The Phillips Curve Trade-Off
An increase in aggregate demand causes an increase in real GDP. Therefore firms employ more workers and unemployment falls. However, as the economy gets closer to full capacity, we see an increase in inflationary pressures. With lower unemployment, workers can demand higher money wages, which causes wage inflation. Firms can increase prices due to rising demand. Therefore, in this situation, we see falling unemployment, but higher inflation.
Thus, the government could choose a lower unemployment rate at a higher cost of inflation or lower inflation at the cost of higher unemployment. The Phillips Curve supported the Keynesian theory that an increase in Aggregate Demand led to lower unemployment but built inflationary pressures.
The Long Run Phillips Curve
The Long Run Phillips Curve was devised after in the 1970s, the unemployment rate and inflation rate were both rising (this came to be known as stagnation). Economists Ed Phelps and Milton Friedman claimed that the Phillips Curve trade-off only existed in the short run, and in the long run, the Phillips curve becomes vertical. You can see The Long Run Phillips Curve as the vertical line at the natural rate of unemployment, where the rate of inflation does not affect unemployment.
If the government tries to lower unemployment below the Natural Rate of Unemployment (NRU), then they will succeed in the short run at the cost of increasing inflation permanently.
The tradeoff between unemployment and inflation works in the short run because of ‘money illusion,’ where workers are slow to anticipate the inflation in the next year. Say the current inflation rate is 3% and the natural rate of unemployment is 5%, so in the short run when the government tries to reduce the unemployment rate to 4%, the inflation rate increases to 5%. Firms hire more workers during the expansionary policies, however, workers don’t realize that the inflation rate is 5% and not 3%, and when they demand higher wages firms have to fire extra workers, so unemployment returns back to 5%.
Non-Accelerating Inflation Rate of Unemployment (NAIRU)
Unexpected inflation might allow unemployment to fall below the natural rate by temporarily depressing real wages, but this effect would dissipate once expectations about inflation were corrected. Only with continuously accelerating inflation could rates of unemployment below the natural rate be maintained.

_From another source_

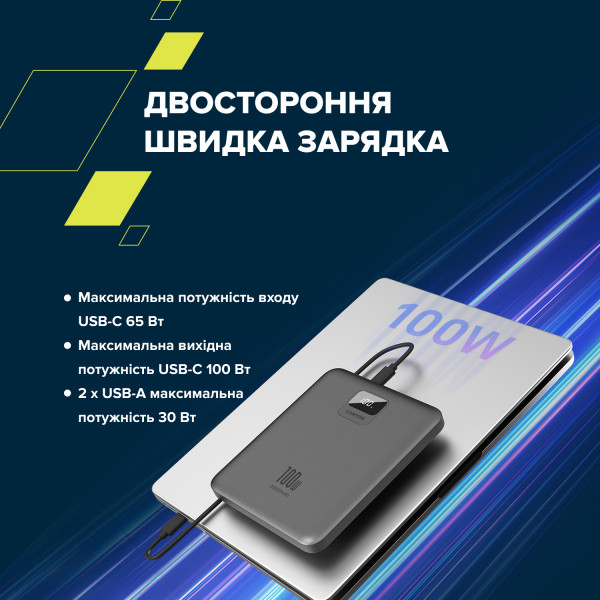 Фото - Батарея мобільна Canyon PB-2008 LED FLAT 20000 mAh PD100W QC3.0 Dark Grey (CNE-CPB2008DG)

Any decrease in the unemployment rate is temporary. In the long run, expectations are adjusted, and there is no trade-off between unemployment and inflation. The Natural Rate of Unemployment is compatible with any rate of inflation, as long as the rate of inflation does not accelerate. The Non-Accelerating Inflation Rate of Unemployment or NAIRU is that level of unemployment that can be sustained with a change in the inflation rate.